I will be straight with you – this is not a perfectly made film. There are some noticeable continuity glitches, such as the rather abrupt shifting from day to night and back again. Personally, I’m willing to accept such snafus if the movie is entertaining enough to warrant it. Hell, Evil Dead had that problem, and I love the entire series. Plus, the ship itself just looks amazing, and that does tend to go a pretty long way in horror movies. It’s not really one of the better movies in the HROHFYSSBYD, but it’s still a fun movie, and in no way deserves the crap that seems to frequently gets slung its way (you know, on those rare occasions when anything at all gets slung its way).

One more thing. While this movie is not available yet on DVD (link to VHS below), you can supposedly see the whole movie at the link provided on the Youtube link. I can’t really confirm that at the moment, however, as the site seems to be temporarily on the fritz. Still, if it’s there when you go, be sure to check it out. It’s worth a viewing, at the very least.

Rating: ***


Saturday, April 4, 2009

The Deadly Spawn

If there’s ever a low budget monster Hall of Fame, the creatures from the Deadly Spawn absolutely deserve to be among the first inductees. On a budget of roughly twenty five grand, Douglas McKeown and company crafted some of the greatest looking monsters in film history, easily besting the lame CG monsters we often get in films today. Seriously, go check out, say, the monsters from the Underworld movies, and then come to this film, and tell me which look better to you.

This is a good thing, since the film operates on more of a premise than a plot. The story: aliens crash on earth, initially looking like large tadpoles with lots of teeth, and just growing more and more the longer they stay on the planet. Enter a small, relatively peaceful New Jersey family, whose cellar the alien fiends set up shop in, and who wind up getting chewed on a lot. The End.

So yeah, on paper it doesn’t really look like anything particularly special, but it’s simply a very fun, fairly gory 80s monster movie, in the grand tradition of the old 50s monster movies. The main character is a young kid, raised on such movies, who creates his own monster masks and is surprisingly well-equipped to deal with this onslaught. Somewhat less well-equipped are the boy’s parents, but hey, someone had to get eaten, right?

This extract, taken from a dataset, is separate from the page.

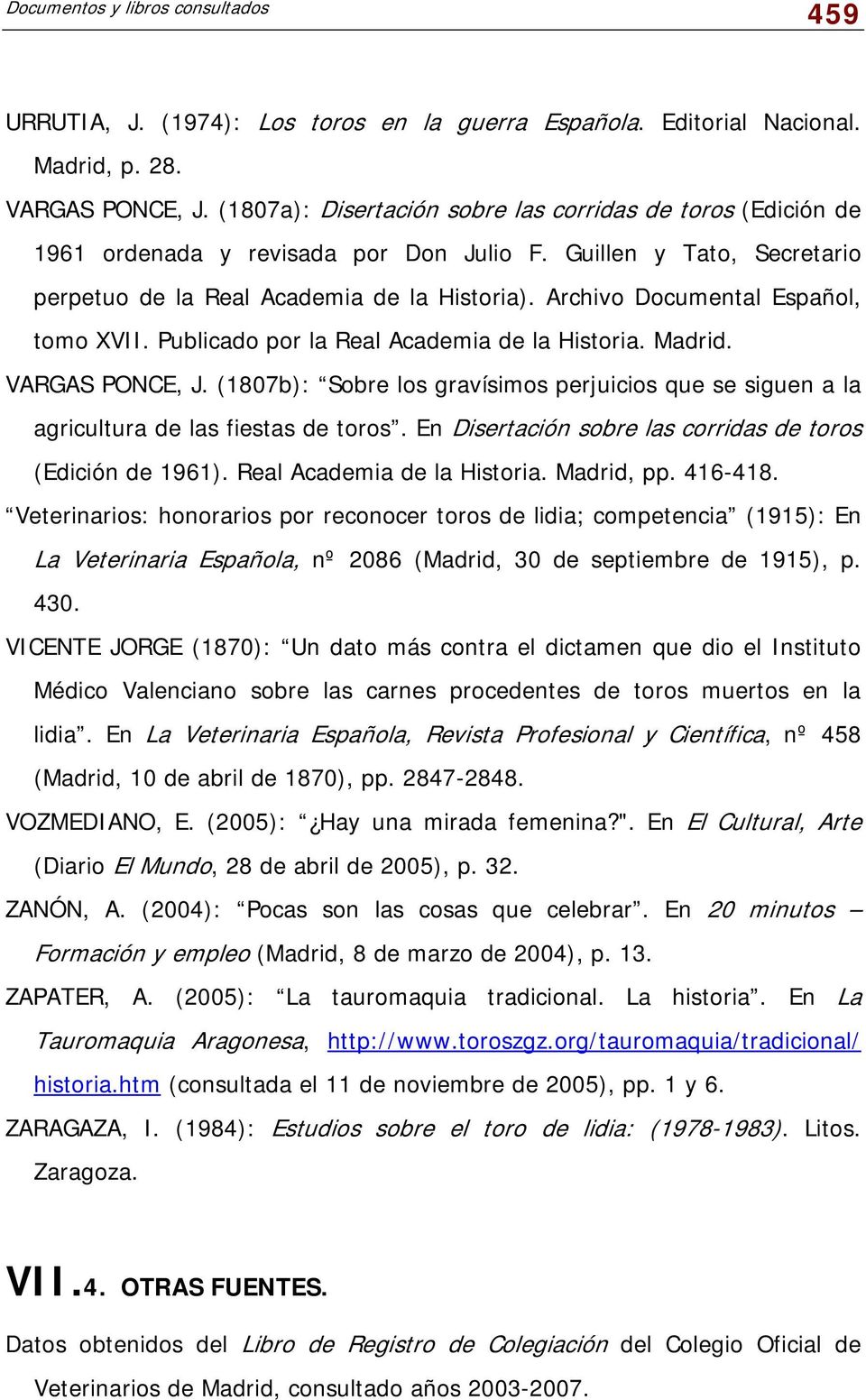 Archivo Documental Español, tomo XVII. Publicado por la Real Academia de la Historia. Madrid. VARGAS PONCE, J.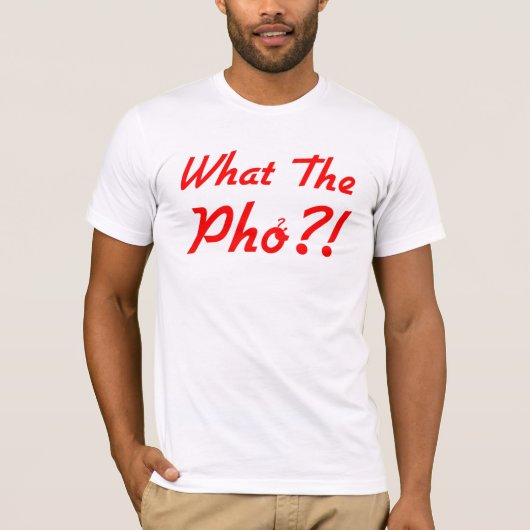 Ce qui le T-shirt de Pho (Devant)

The eating, by the way, is easily the best part of the film, as it should be. Most movies like this, the actual violence is almost non-existent, or looks like shit. Not here. These bastards go around eating people’s heads, invading a vegetarian party full of old ladies (one of the best set-pieces in all of horrordom), and making blood splash all over the damn place. It is pure, unadulterated mayhem, and even though McKeown never went on to make anything else, this film shows he could easily have hung with horror standards like Craven or Hooper, had he wanted.